TL;DR You can use a combination of RBAC and Pipeline Service Accounts to scope data access for teams/project to just the data required for their development. This shifts the authorization pattern from dataproc to the acutal pipeline itself.

Securing Data Fusion with RBAC and Namespaces

RBAC (Role Based Access Control) is a relatively new feature that enables you to enforce access controls on user principals, service accounts or groups. This allows an admin to control what actions a user can perform like creating a pipeline or adding a secure key.

These RBAC controls are tightly integrated with the concept of a Namespaces in Data Fusion. Namespaces are logical containers for managing teams, projects or pipelines which helps with organizing pipelines in a multi-tenant deployment.

Combined with RBAC, it enables an admin to provide isolation of teams/project from each other and scope a principals access to just the Namespaces they require. For instance, you may have have pipelines that handle financial data that you don’t want someone from marketing viewing. There are several roles that can be assigned to a principal to scope their access:

Viewer: View pipelines but not run them in a namespace
Operator : Run/Configure deployed pipelines in a namespace
Developer: Design and deploy pipelines in a namespace
Editor: Full access to all resources in a namespace
Instance Admin: Full access to all resources in all namespaces

For information on what permission each role has, please visit this link to get the breakdown.

What’s the Problem?

When Data Fusion is deployed, a special service account is created with very broad data access permissions (Data Fusion API Service Agent). This account provides data access during development of pipelines as well as when pipelines are previewed (read only access). This service account is oftentimes added to other GCP projects where data exists thats required for development. The challenge is that this service account is used across namespaces so every team will have the same data access. For some customers this isn’t an issue but for others that may have strict rules governing data access, this can be problematic.

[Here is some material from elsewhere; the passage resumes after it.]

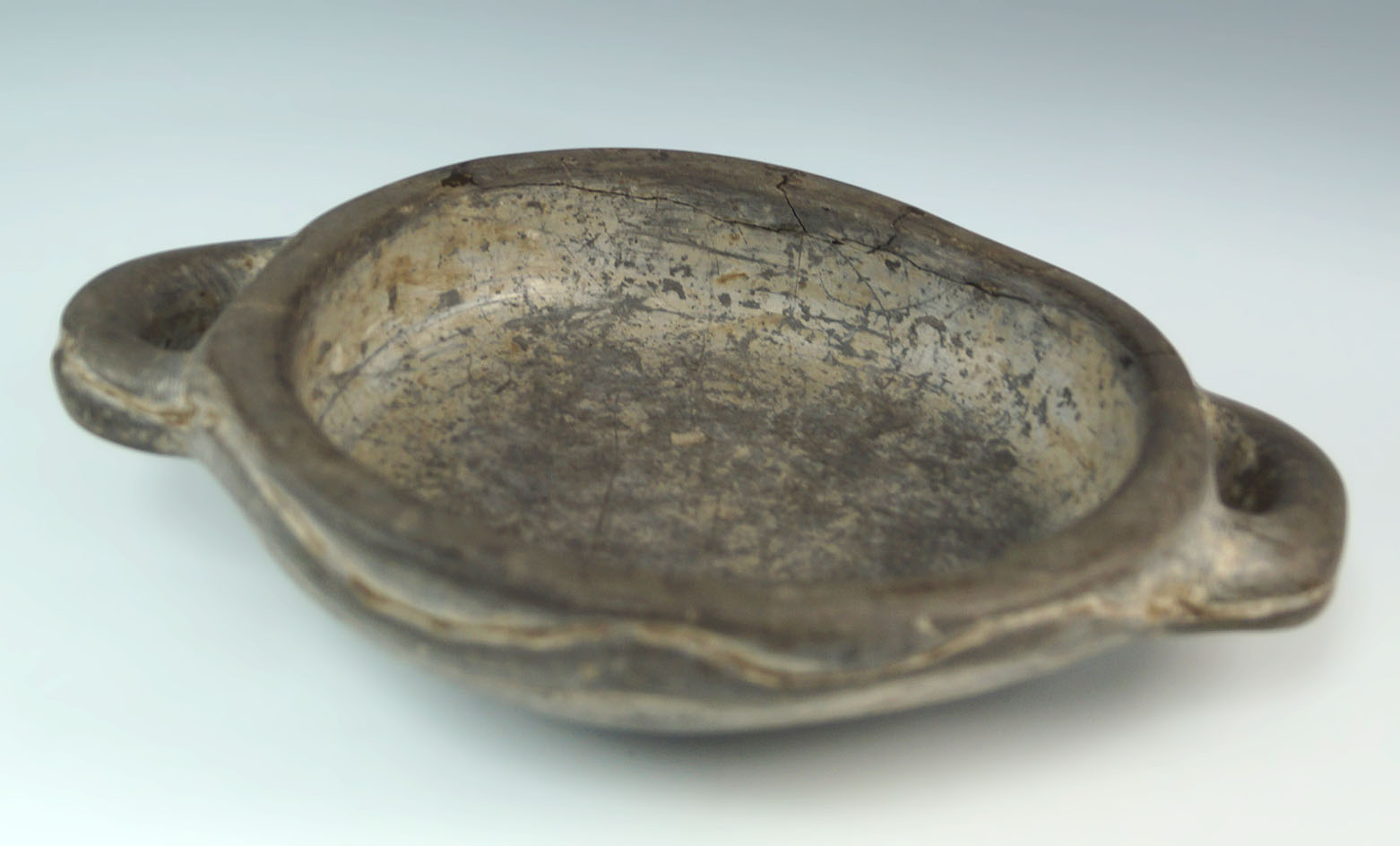 8 5/8" wide by 2 1/4" tall Inca ritual two handled stone bowl carved w/ relief snakes on each side.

Connection Profiles and RBAC to the Rescue!

To get around the broad permissions of the instance service account, we can build connection profiles in wrangler to override the instance service account. This approach will provide strong data access ensuring that we can scope data access for individual namespaces.

Let’s look at the following scenario. Say you have a pipeline you need to develop and you don’t want to assign the instance service account to the project containing the data. As a Data Fusion admin you would do the following to scope the access to just the data required:

Create a new namespace
Create service account w/ scoped permissions
Load service account key to the Data Fusion secure store
Create connection profile for data data using a the service account loaded in the previous step
Assign users the developer role in the namespace
Build Pipelines!

Let’s go through this piece by piece to build this out.

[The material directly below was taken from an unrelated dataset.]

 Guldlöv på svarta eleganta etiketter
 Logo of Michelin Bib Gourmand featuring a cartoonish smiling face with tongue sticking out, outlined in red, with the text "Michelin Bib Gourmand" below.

First create a net new namespace for the new pipeline development. If you want to automate this via terraform, see this link.

Next create a service account you want to use for data access for this namespace. Once the service account is generated please create an access key in JSON format. Take the output and upload to the Data Fusion secure store in the namespace defined above. I detail all the steps involved in this blog here: https://medium.com/@jtaras/cloud-data-fusion-adding-a-service-account-to-the-secure-store-8fb987af917a. While adding a key doesn’t have a terraform module, you can read about using the RestAPI here.

With the service account loaded into the KMS we can now create a connection using that service account to limit the scope of access. Navigate to Wrangler and click “Add Connection”.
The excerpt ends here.